Re: Multi-valued fields and TokenStream

Posted by Robert Muir <rc...@gmail.com>.

Do the concatenation yourself with your own TokenStream. You can index
a field with a tokenstream for expert cases (the individual stored
values can be added separately)

No need to make the tokenstream API more complicated: its already very
complicated.

On Thu, Nov 6, 2014 at 3:13 PM, david.w.smiley@gmail.com
<da...@gmail.com> wrote:
> Are you suggesting that DefaultIndexingChain.PerField.invert(boolean
> firstValue) would, prior to calling reset(), call
> setPositionIncrement(Integer.MAX_VALUE), but only when ‘firstValue’ is
> false?  Hmmmm.  I guess that would work, although it seems a bit hacky and
> it’s tying this to a specific attribute when ideally we notify the chain as
> a whole what’s going on.  But it doesn’t require any new API, save for some
> javadocs.  And it’s extremely unlikely there would be a
> backwards-incompatible problem, so that’s good.  And I find this use is
> related to positions so it’s not so bad to abuse the position increment for
> this.  Nice idea Steve; this works for me.
>
> Does anyone else have an opinion before I create an issue?
>
> ~ David Smiley
> Freelance Apache Lucene/Solr Search Consultant/Developer
> http://www.linkedin.com/in/davidwsmiley
>
> On Thu, Nov 6, 2014 at 2:13 PM, Steve Rowe <sa...@gmail.com> wrote:
>>
>> Maybe the position increment gap would be useful?  If set to a value
>> larger than likely max position for any individual value, it could be used
>> to infer (non-)first-value-ness.
>>
>> > On Nov 5, 2014, at 1:03 PM, david.w.smiley@gmail.com wrote:
>> >
>> > Several times now, I’ve had to come up with work-arounds for a
>> > TokenStream not knowing it’s processing the first value or a
>> > subsequent-value of a multi-valued field.  Two of these times, the use-case
>> > was ensuring the first position of each value started at a multiple of 1000
>> > (or some other configurable value), and the third was encoding sentence
>> > paragraph counters (similar to a do-it-yourself position increment).
>> >
>> > The work-arounds are awkward and hacky.  For example if you’re in
>> > control of your Tokenizer, you can prefix subsequent values with a special
>> > flag, and then do the right think in reset().  But then the highlighter or
>> > value retrieval in general is impacted.  It’s also possible to create the
>> > fields with the constructor that accepts a TokenStream that you’ve told it’s
>> > the first or subsequent value but it’s awkward going that route, and
>> > sometimes (e.g.

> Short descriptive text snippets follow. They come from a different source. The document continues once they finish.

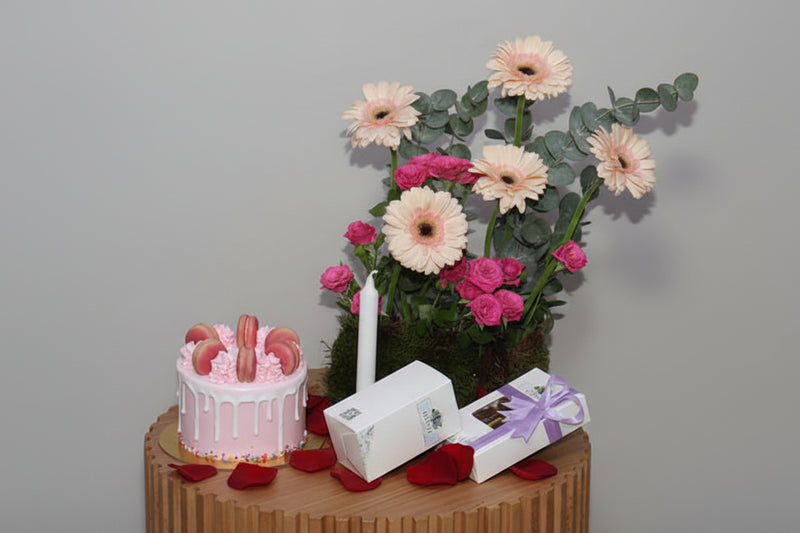 Small pink cake with cookies, a candle, and a bouquet of flowers on a wooden table against a gray background.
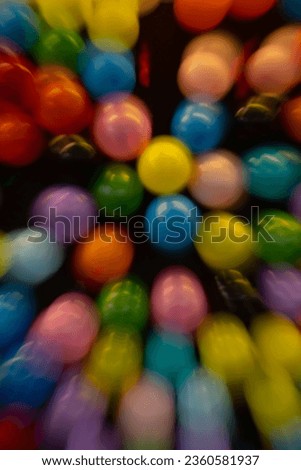 vertical abstract motion blur background of colored balloons at fair special movement effect created by long time exposure shutter speed and in camera movement fun celebratory party birthday backdrop 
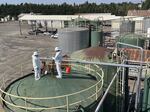 Workers with the U.S. Environmental Protection Agency stand atop a tank at the J.H. Baxter wood treatment facility in Eugene, Ore., in an undated photo provided by the EPA. Federal officials say cleanup at J.H. Baxter will take up to a year.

Solr) it’s hard to know all the values you have up-front to
>> > even do that.
>> >
>> > It would be nice if TokenStream.reset() took a boolean ‘first’ argument.
>> > Such a change would obviously be backwards incompatible.  Simply overloading
>> > the method to call the no-arg version is problematic because TokenStreams
>> > are a chain, and it would likely result in the chain getting doubly-reset.
>> >
>> > Any ideas?
>> >
>> > ~ David Smiley
>> > Freelance Apache Lucene/Solr Search Consultant/Developer
>> > http://www.linkedin.com/in/davidwsmiley
>>
>>
>> ---------------------------------------------------------------------
>> To unsubscribe, e-mail: dev-unsubscribe@lucene.apache.org
>> For additional commands, e-mail: dev-help@lucene.apache.org
>>
>

---------------------------------------------------------------------
To unsubscribe, e-mail: dev-unsubscribe@lucene.apache.org
For additional commands, e-mail: dev-help@lucene.apache.org

Re: Multi-valued fields and TokenStream

Posted by "david.w.smiley@gmail.com" <da...@gmail.com>.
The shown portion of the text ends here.